Dude she has the ugliest blow job face ever.
I found out what happened to that girls weave last night. It was draped over a bush in my backyard.
It finally happened. My conscience stopped working. I've never felt so free
I remember three things: you falling down an entire flight of stairs, me stripping out of your Christmas one-sie to do cartwheels in my underwear, and people standing above me saying, "where did that bump on her head come from?"
Also, I was told I kept the antlers on the entire time. I'm deeming last night a success.
how many thumbs am i supposed to have at one time
you found the shrooms didnt you
she put on her moms wedding dress and is chugging purple jolly rancher vodka, happy cyber monday
Curdled. you forgot that word. It was a curdled buttery nipple shot.
She made sure everyone knew we were doing shots for her dead grandma.

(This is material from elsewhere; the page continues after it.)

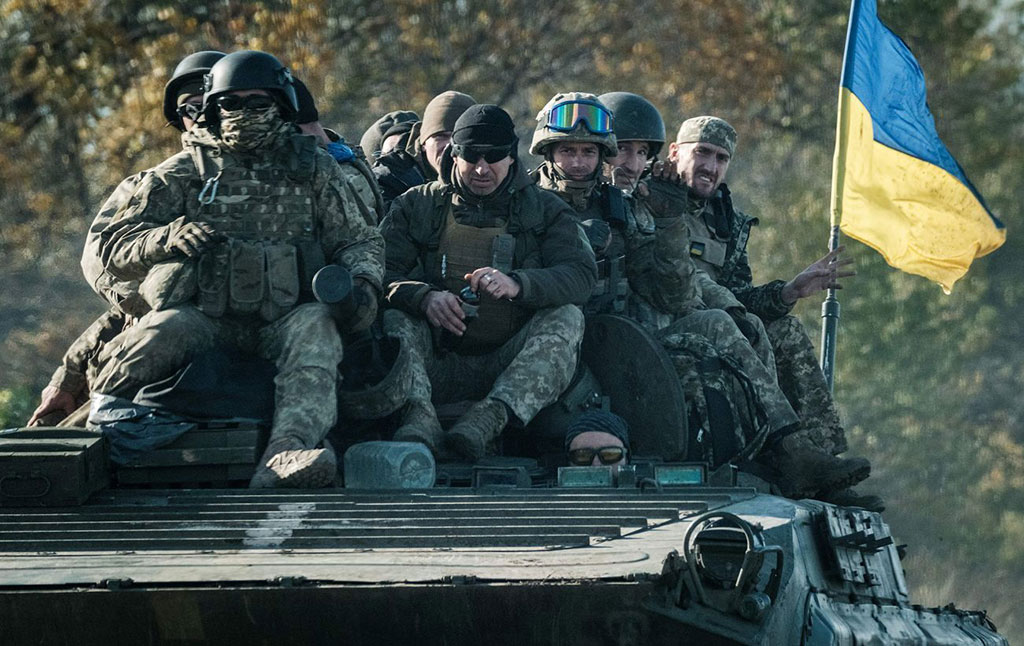 Полша и Литва са готови да помогнат на Украйна за връщането на нейни граждани, подлежащи на военна служба, но как ще стане това на практика
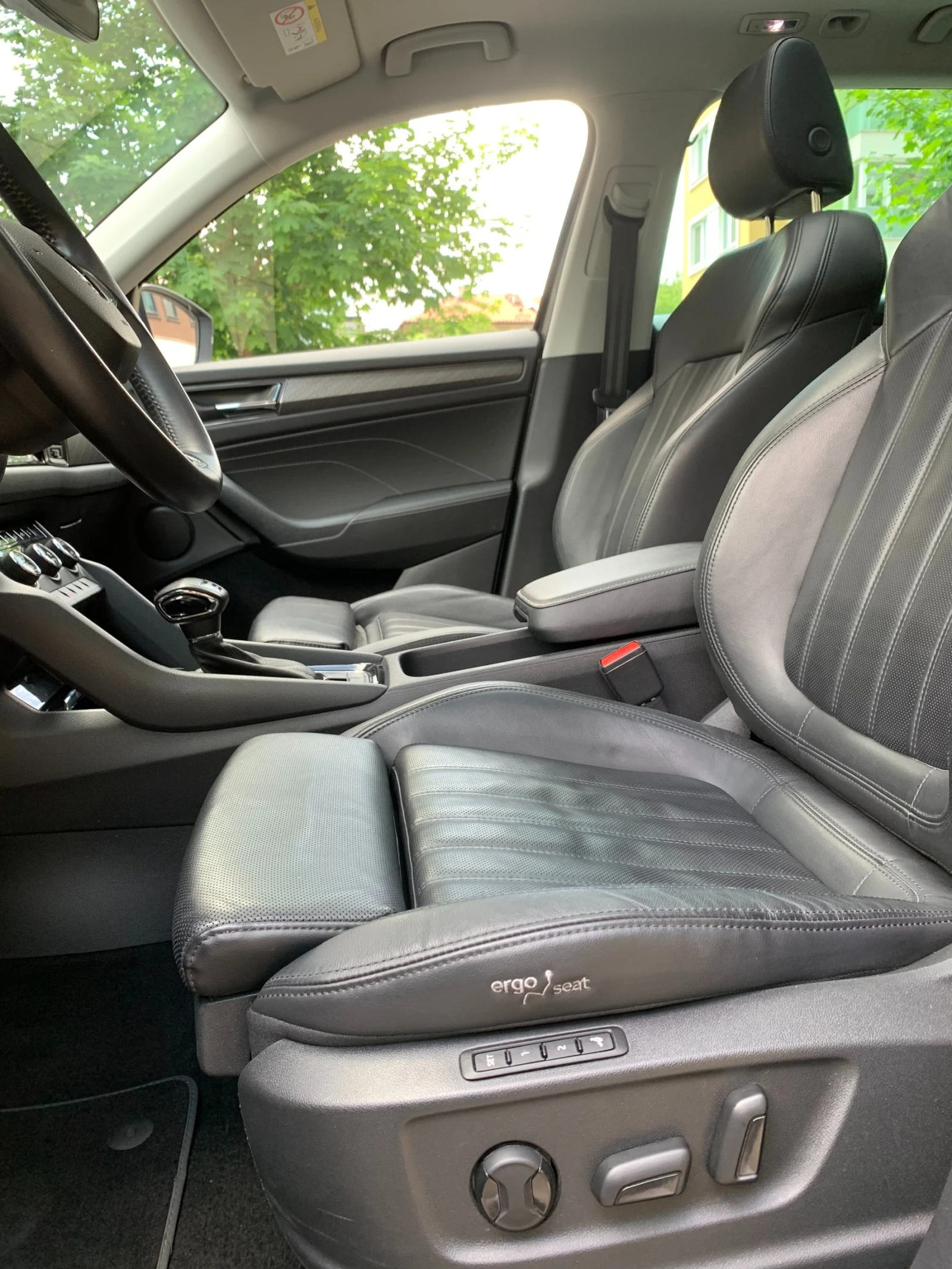 Skoda Kodiaq 2.0 TDI /4x4/7DSG/200кс. Панорама, снимка 5 - Автомобили и джипове - 54580019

Well you should have thought of that before you were reckless with your butt
You will drink beer in a kiddie pool in your back yard but you wont bring a girl home
I'm just trying to win a butt plug dude
The kitchen also doubles as a screaming room after midnight as long as you have something to muffle the sound
I made out with the hosts' boyfriend, infront of her, drank way too much, slept in my car and convinced everyone that I'm really a nice person. If that's not skilled lying, I don't know what is.